In what seems a lifetime ago, but is actually only two weeks, I went to see the Electric Company’s Studies in Motion — The Hauntings of Eadweard Muybridge at the Vancouver Playhouse. I went with my daughter and my mother-in-law — the former in her twenties and the latter almost eighty-years old. I fall somewhere between on the age spectrum. It is a rare thing when a live performance, a movie or a piece of music appeals to all age groups, but Studies in Motion achieved this with ease. All three of us left the theatre with the same sense we get when we finish a great book: “Why did it have to end so soon?”
My daughter said, “Mum, of all of the plays we’ve been to, that was by far the very, very best.” I couldn’t agree more.
In the last fourteen days, I’ve lost two friends — one to breast cancer and the other to a violent and unfathomable attack in Pacific Spirit Park. Up until today, I have felt too numbed by shock to open my computer, but on this Easter Monday with the sun pouring through my front window and the plant world springing to life in my garden, I once again feel the urge to tentatively share my thoughts with all of you — my mostly unknown blog followers.
I am not a professional theatre critic. I have no idea what makes a live performance good, bad or even exceptional. I judge my experience on whether or not I am completely engrossed on what is being presented before me, or if I can’t wait for intermission and the next chocolate almond and Pinot Grigio. Yeah — I know, not too sophisticated, but there you have it. So what was it, I ask myself, that made Studies in Motion so memorable and enjoyable? The incredible dancing? The set? The lighting? The acting? Of course, all of those, but for me, I think it was the idea that it is the small moments in life that, when connected, make for the overall experience. It is these small moments; the smile of a friend, the hands held, the experiences shared, the laughter and the tears that, when added up, become the fabric of a relationship.
Muybridge, in his brilliance and in a very clinical and scientific manner, looked at motion as a whole, for example a horse galloping or a woman walking, and then broke that movement down into separate parts of the whole. When I look back on my experiences with the people I have lost over time, I realize that it was the small things, the often overlooked things, that I will miss the most. I will not think, “she was a great athlete, or “he was a great actor,” or “she wrote beautifully,” rather I remember the little things — the quick smile, the encouragement, the whispered asides, the shared jokes and all the other almost imperceptible signals and actions that create a shared understanding between two human beings. That shared understanding is called friendship. It is the most precious thing we can ever have.

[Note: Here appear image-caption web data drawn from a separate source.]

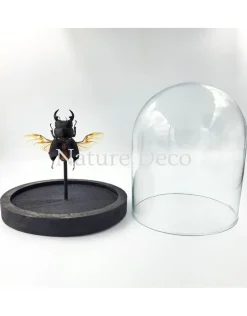 Dorcus sp. kever in stolp 12 x 13cm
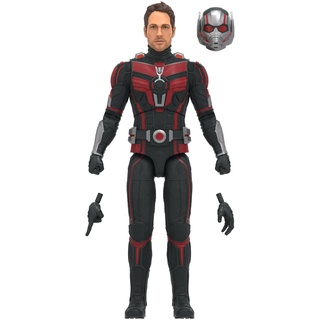 Hasbro Marvel Legends Series Ant-Man, Ant-Man and The Wasp: Quantumania Marvel Legends Action-Figur, 15 cm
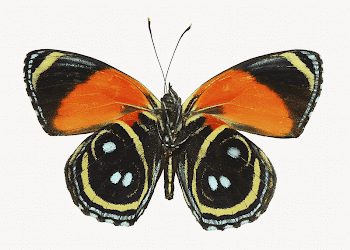 Callicore butterfly isolated animal image | Free Photo - rawpixel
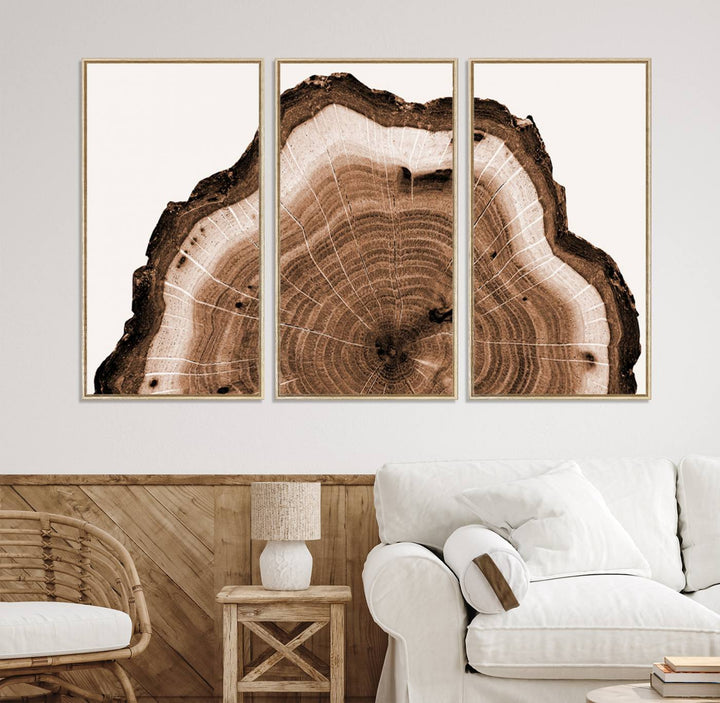 Close-up of the Rustic Wood Rings Wall Art featuring detailed tree rings and natural texture on a plain white background.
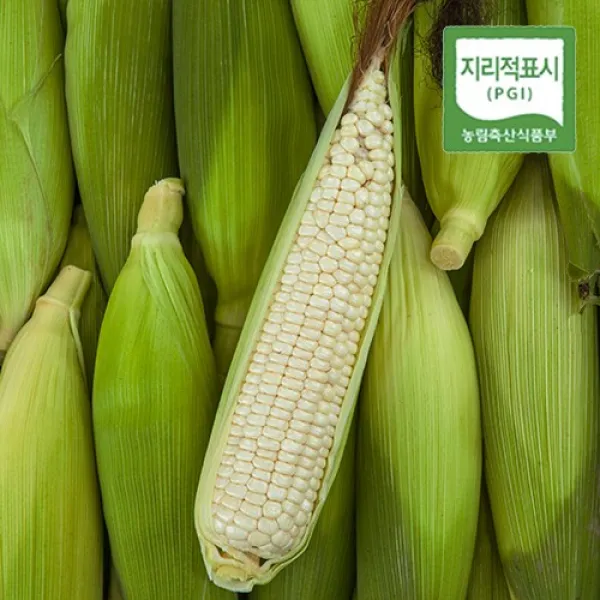 22년 수확 괴산 대학 찰옥수수(15cm이상)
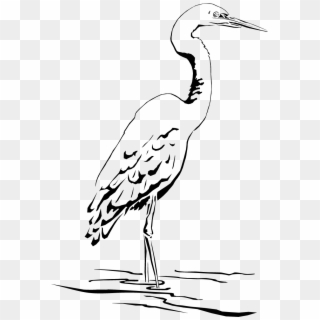 Great Blue Heron Clipart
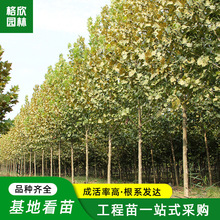 【青皮树】_青皮树品牌/图片/价格_青皮树批发_阿里巴巴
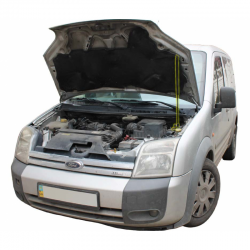     Ford Tourneo Connect (2002-2008) (1 )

i re-read this and think that perhaps I am a bit premature in getting back to the keyboard. Perhaps, but I don’t care. My world will continue to be mixed up for a while longer and that is the way it goes. So, I will put down in words what we all know, but what we sometimes need to be reminded of: Cherish those fleeting moments. Tell your friends, your family, your pet that you love them. You don’t have to do it in words. It can be a simple motion — a hug, a smile, a hand extended. It doesn’t matter how many muscles you use to raise your lips or nod your head — but it is interesting to note that it takes more muscles to frown than it does to smile.
For those of you who would like to learn a little more about Studies in Motion, I refer you to the photographer Alex Waterhouse-Hayward’s blog. He has posted a much more concrete review of this play. Better yet, go and see it yourself. I promise, you won’t be disappointed.